Arts Corner: Harry Potter and the Order of the Phoenix

Well, Harry Potter 5 belonged to Imelda Staunton, didn't it really, in her perfect pink suit. Everyone else was allowed just enough time to say hello and advance the plot a fraction, but she rather stole the show.

And I loved the kittens.

06 August 2007

Things to do on a sunny weekend

After a weekend away in North Yorkshire, I can thoroughly recommend the following for entertaining a 2-year-old:

  • Helmsley Walled Garden (their new Secret Garden has a swing, there's lots of apples to look at and be prevented from eating, and best of all there's a fountain in the middle in the shape of a small boy cuddling a giant fish)
  • The Moors National Park Centre, Danby (the huge playground has a slide with a house on top, there's a great bird hide in the middle of a woodland that you can scare all known birds away from and the teashop does really good fairy cakes)
  • Hutton le Hole (the Ryedale Folk Museum has sheep! and pigs! and chickens! and the odd rabbit! and best of all the freezing cold village stream is very good for paddling and making parents get their feet wet)

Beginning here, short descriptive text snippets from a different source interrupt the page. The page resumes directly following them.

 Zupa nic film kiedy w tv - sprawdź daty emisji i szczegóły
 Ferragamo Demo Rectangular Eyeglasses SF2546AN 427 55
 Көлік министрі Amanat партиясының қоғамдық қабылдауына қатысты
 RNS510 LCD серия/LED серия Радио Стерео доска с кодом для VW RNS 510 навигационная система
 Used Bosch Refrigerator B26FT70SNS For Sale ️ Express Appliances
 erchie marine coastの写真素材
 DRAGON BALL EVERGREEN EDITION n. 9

And the ham sandwiches are pretty good, wherever you go...

03 August 2007

HP continued...

Dark Forces vanquished.


Broom safely in cupboard.


No snakes on the premises.


Normal service is resumed.

01 August 2007

HP. No, not the sauce.

Off out to see a film shortly - will report back on the delights of Harry Potter and the Order of the Phoenix.

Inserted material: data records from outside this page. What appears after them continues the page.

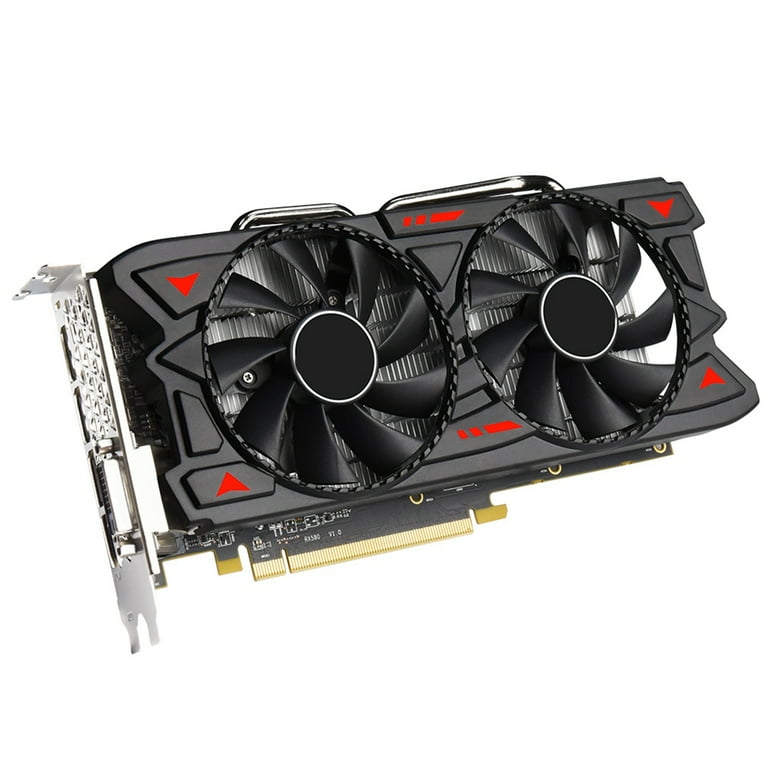 51Risc Radeon RX 580 2048SP ビデオカード：美品 51Risc Radeon RX 580 2048SP ビデオカード：美品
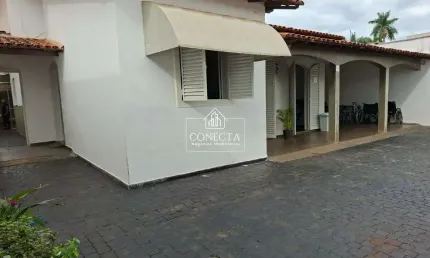 Casa com 8 quartos à venda no Osvaldo Rezende, Uberlândia 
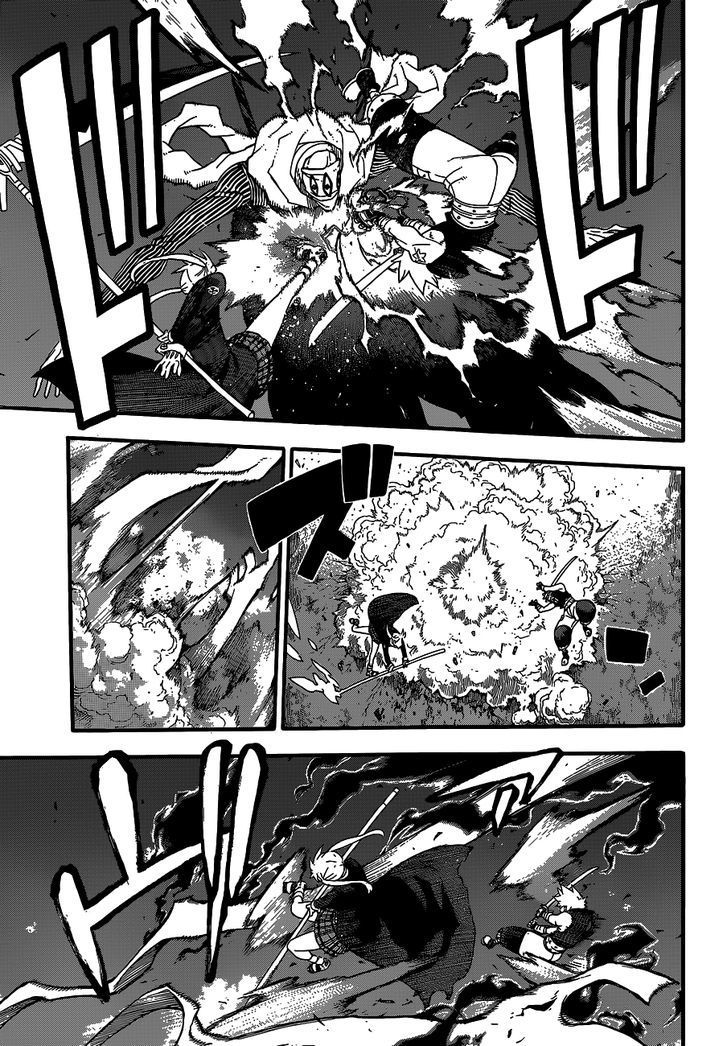 Read Soul Eater Manga Online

It's been a bit of an HP week, actually - I finally succumbed and bought HP7 in Sainsburys, and have been hooked ever since. It's taken me a while to get up to speed (if J K Rowling will leave two years between books, what does she expect? I've had a baby, moved house, discovered the delights of very strong coffee and proofread god knows how many words since then) but I'm really enjoying it. Characterisation isn't her strong point, and she uses a few too many basic adjectives for my liking, but boy can that girl produce a good plot. I'm currently in Gringotts, and can't for the life of me see how to get out.